During the operation of whaling stations between 1904 and 1965, a variety of animals were brought to South Georgia. Most were brought to the island to provide fresh food. As well as these useful animals, others were kept as pets purely for entertainment and company. Pets have ranged from cats and dogs to parrots and canaries.

45p - This vervet monkey from Africa may have been bought to South Georgia on a ship coming from Cape Town. It was a pet of the doctor at the Husvik whaling station in 1914. It wore a harness and was taken for walks on a lead.

60p - Anne-Marie Sorlle, daughter of the manager of the Stromness whaling station, with a litter of puppies. She was allowed to keep one as a pet because there were no other children on South Georgia for her to play with.

70p - Two whalers show off their pets in their room at Grytviken around 1925. The man on the right has a fox which is being restrained by a collar and chain. This is a unique record of a fox being kept as a pet on the island. It is probably a grey fox or grey zorro, which could have been acquired in a South American port.

95p - Nan Brown ran a 'penguin rehabilitation centre' at King Edward Point to rescue birds fouled with heavy fuel oil. After cleaning they were kept in a pen to recover. One of the gentoo penguins became a pet when it refused to leave after being released. Stugie (an anagram of Gutsie) had a damaged wing and could not fend for itself. It accompanied Nan around the settlement and visited the house daily but, not being house-trained, it was not allowed to stay inside for long. It would follow her to the jetty where she caught fish to feed its prodigious appetite.

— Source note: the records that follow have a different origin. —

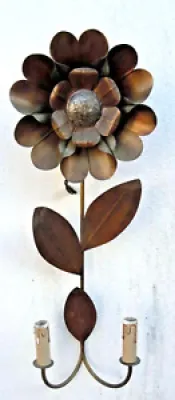 Applique sculpturale - lotus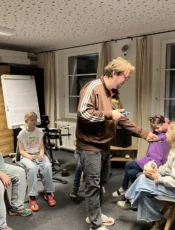 Workshop “Plakate und fUNI-Filme”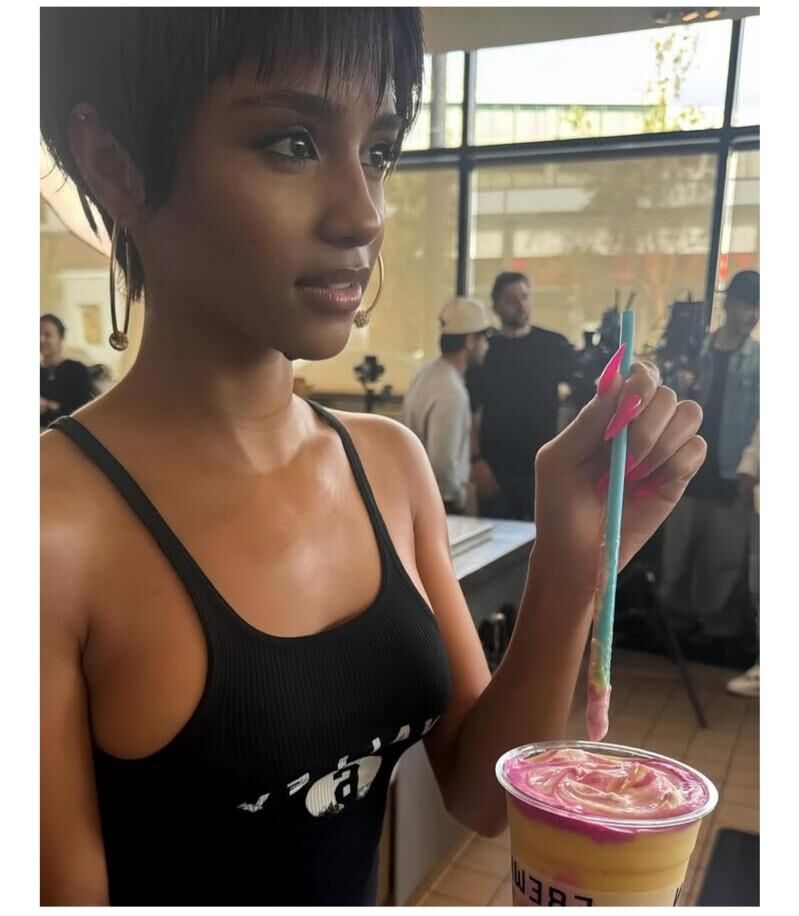 Tyla, gorgeous South Africa singer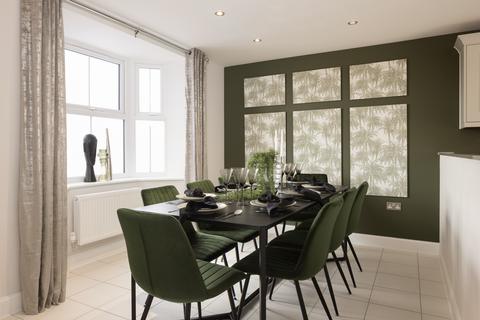 4 bedroom detached house for sale, Peregrine at Brookside Meadows Barley Way, Grove, Wantage OX12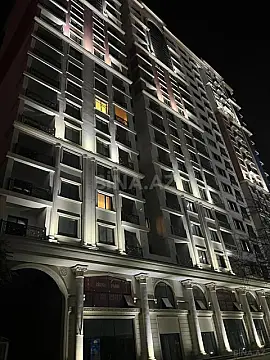 Satılır 5 otaqlı mənzil 217 m² — Bakı, Nərimanov 5 otaq 217.00 m²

£1.15 - The inappropriately named Mrs Chippy is the most famous of Antarctic cats. He was the pet of 'Chippy' McNish, the carpenter on Shackleton's Endurance expedition, and perished on the ice after the ship had been crushed.

Semi-wild cats were common at the whaling stations. They were mostly dependent on human habitation, especially in winter, and were useful in helping keep down the rats that infested the buildings. Cats died out at the whaling stations soon after they were abandoned in the 1960s but some survived at the King Edward Point settlement until 1980.

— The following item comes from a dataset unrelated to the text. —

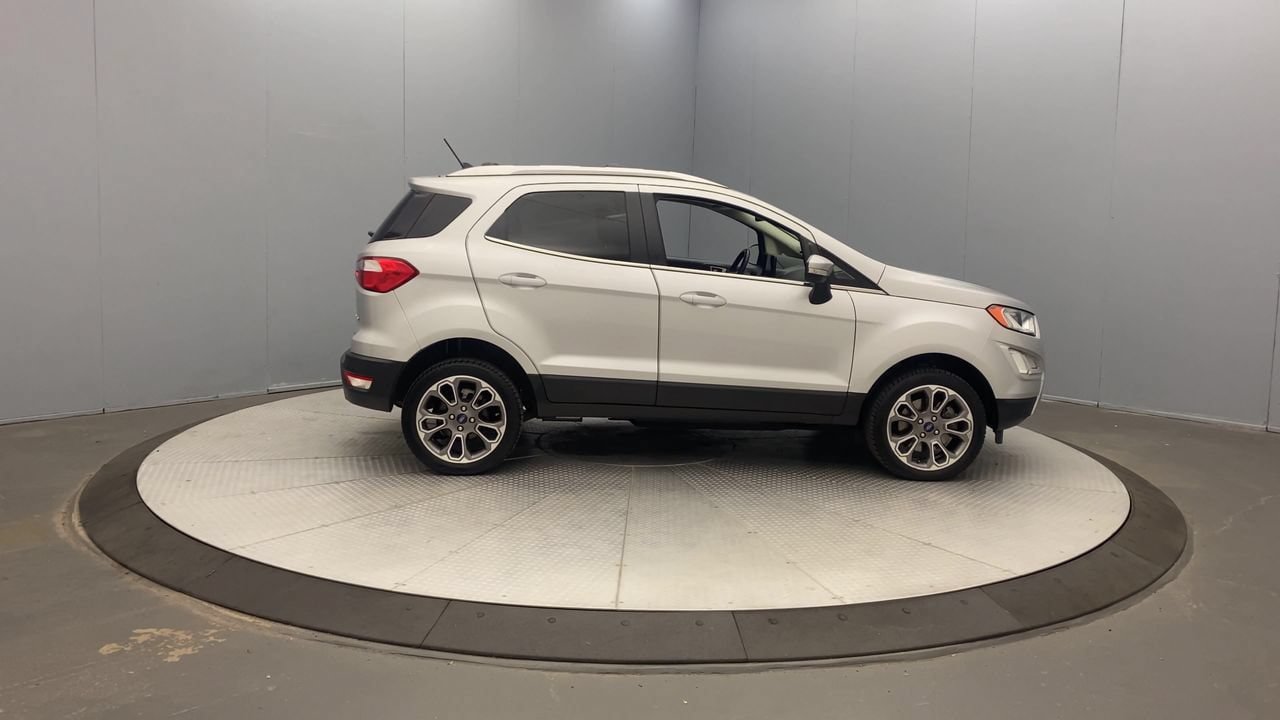 Used 2020 Ford EcoSport Titanium AWD/4WD image 6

£1.20 - Sir Ernest Shackleton baths Query aboard Quest on the way to South Georgia in 1922. The German shepherd pup had been presented to him as a mascot when the ship visited Plymouth. Query was lost overboard during the expedition.

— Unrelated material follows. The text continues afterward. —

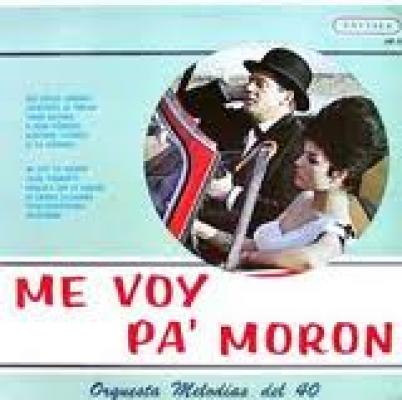 Me Voy Pa' Moron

Dogs, including sledge dogs left by passing expeditions, were a common sight around the whaling stations. Most were under the control of their owners but a few lived and bred wild. The last dog on South Georgia died in 1974.

The First Day Cover shows Doris Scott with baby Ann in the pram, accompanied by Ring the collie. Ring lived at the administrative settlement on King Edward Point. He belonged to no one but there was always someone who would become a 'foster owner' and look after him. Another dog, Pluto, would visit Ring from Grytviken whaling station (seen in the background).